Ursprünglich entwickelte SigmaZ AI ein Konsumprodukt für Endkunden mit guten Nutzerzahlen, aber das Team stellte allmählich fest, dass Nutzer es nicht nur zum Lernen verwenden, sondern einige versuchen, damit kommerzielle Videos zu erzeugen.
„Kleine Händler, die Produktseiten hochladen, fragen uns im Hintergrund: Kann mein Produkt auch so 360 Grad gezeigt und vorgestellt werden? Die gängigen Tools zur Videogenerierung erzeugen nur 15 Sekunden auf einmal, sind teuer und machen oft Fehler bei den Produkten. Ihr Tool ist genau – wenn Sie eine separate Version für die Videoproduktion herausbringen, würde ich das Drei- bis Vierfache zahlen“, sagte William.

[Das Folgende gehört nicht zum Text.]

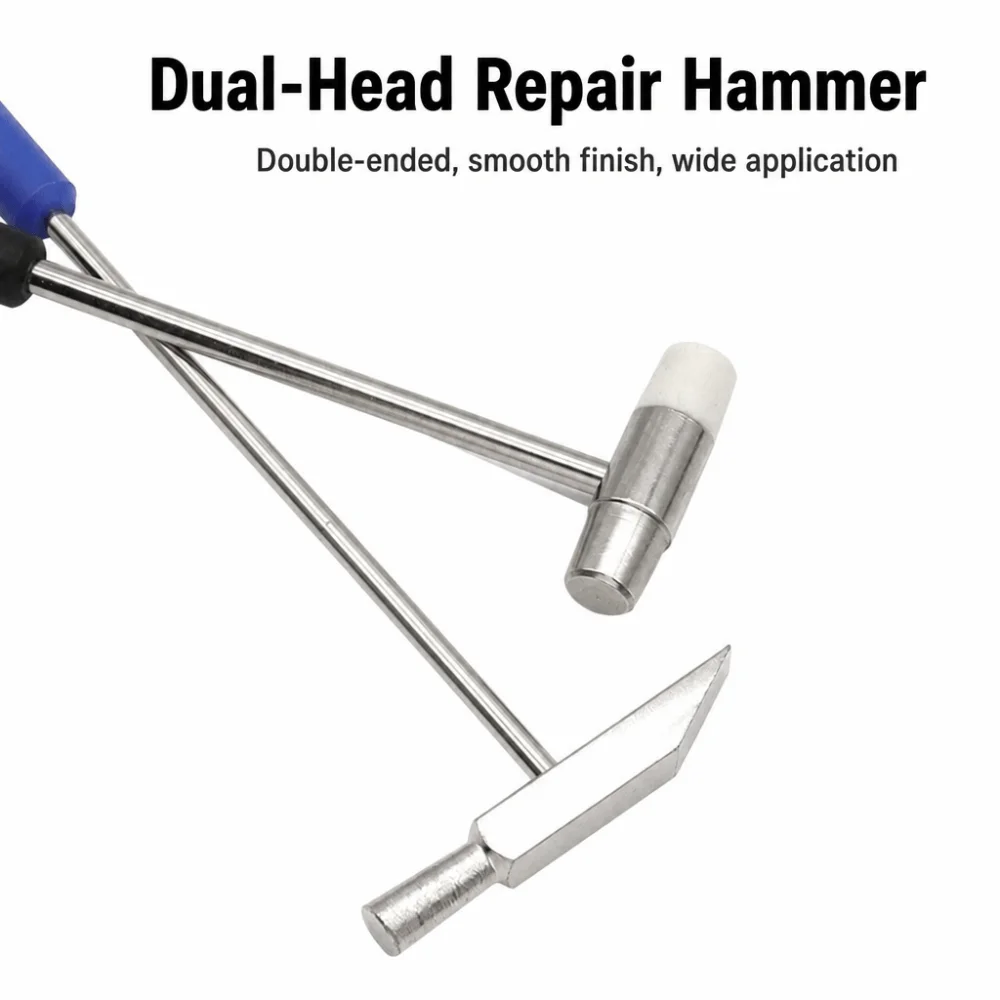 Multi-size Mini Hammer Rubber & Metal Metal Body Dual Head Hammer Compact Design Dual Hardness Handcraft Hammer Watch Repair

Auf Basis dieser tatsächlichen Nachfrage beschlossen sie, eine breiter zugängliche Plattform namens Tap8 zu entwickeln, die als „Produktlabor“ positioniert ist. Zukünftig wird Tap8 sowohl für Endkunden als auch für Unternehmenskunden geöffnet und dient verschiedenen informationsintensiven Szenarien wie Marketing, Vertrieb, Führung und Anleitungen. Vielleicht wird eines Tages, wenn der Nutzer die Kamera fragt „Wie repariere ich einen Fernseher?“, ein drehbares 3D-Modell auf dem Bildschirm erscheinen, das den Nutzer Schritt für Schritt durch die Bedienung führt.

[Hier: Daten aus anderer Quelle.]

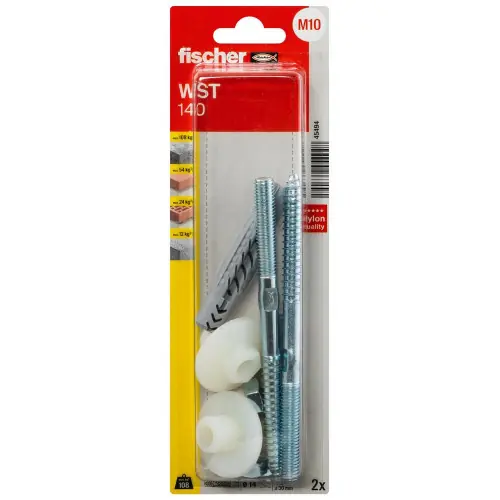 Offre Du Jour Lot de 2 chevilles multi-matériaux avec vis nylon FISCHER Diam. 14 L.De 50 à 10 - FISCHER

Derzeit lassen sich bereits erste Anzeichen von Wettbewerb auf Produktseite erkennen. Nehmen wir das kleine Beispiel „Hintergrund austauschen“. Die Fähigkeit von Lucy ist es, dass Sie zu einem Echtzeitbild einen Satz sagen, und es den Hintergrund sofort austauschen kann. Im Werbevideo von Tap8 können Nutzer Fragen zu dem in Echtzeit generierten Bild stellen, das Bild nach Anweisung sofort ändern lassen und direkt auf Elemente im Bild klicken – zum Beispiel auf ein bestimmtes Teil eines 3D-Kopfhörermodells klicken, und Tap8 generiert sofort ein Bild mit der entsprechenden Erklärung zur Funktionsweise.
Doch dies ist möglicherweise nur ein kleiner Teil des Wettbewerbs. Die größere Herausforderung besteht darin, dass diese jungen Startups sowohl das Kapital als auch die Nutzer davon überzeugen müssen, dass das, was sie mit KI erzeugen, sich von den bereits vorhandenen Produkten auf dem Markt unterscheidet.

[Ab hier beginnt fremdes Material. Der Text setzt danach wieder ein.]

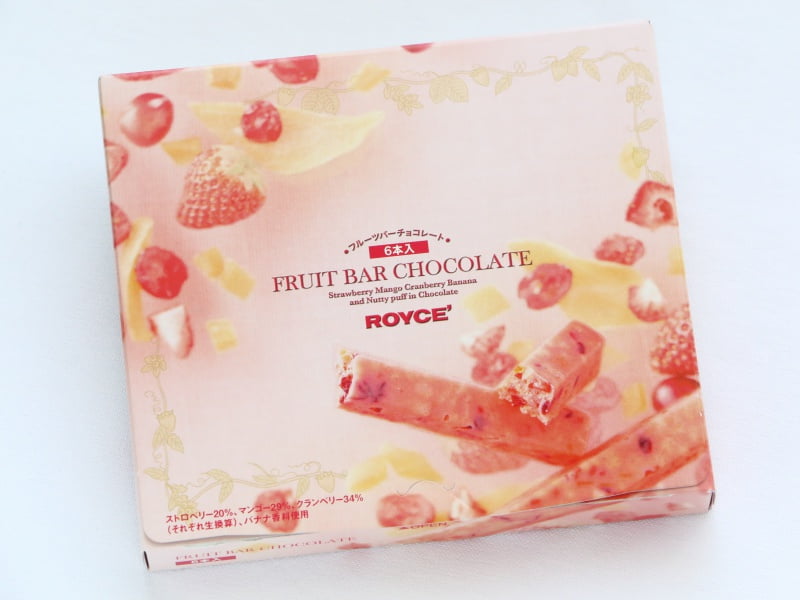 フルーツバーチョコレート外装写真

Zum Beispiel können Nutzer im Werbevideo von Lucy ihr Gesicht mit KI sehr aufgedunsen aussehen lassen, was cool wirkt – aber Filter von Douyin haben vor vielen Jahren bereits ähnliche Effekte erzeugt. Egal wie echtzeitfähig und flüssig die Technik ist, wenn sie in den Augen der Nutzer nur „ein weiterer Filter“ ist, hat dieser Bereich noch keine eigene Bedeutung erlangt.
Möglicherweise ist die echte Trennlinie in diesem Bereich nicht, wer schneller ist, sondern wer als Erster ein Produkt hervorbringt, das es so noch nie gegeben hat.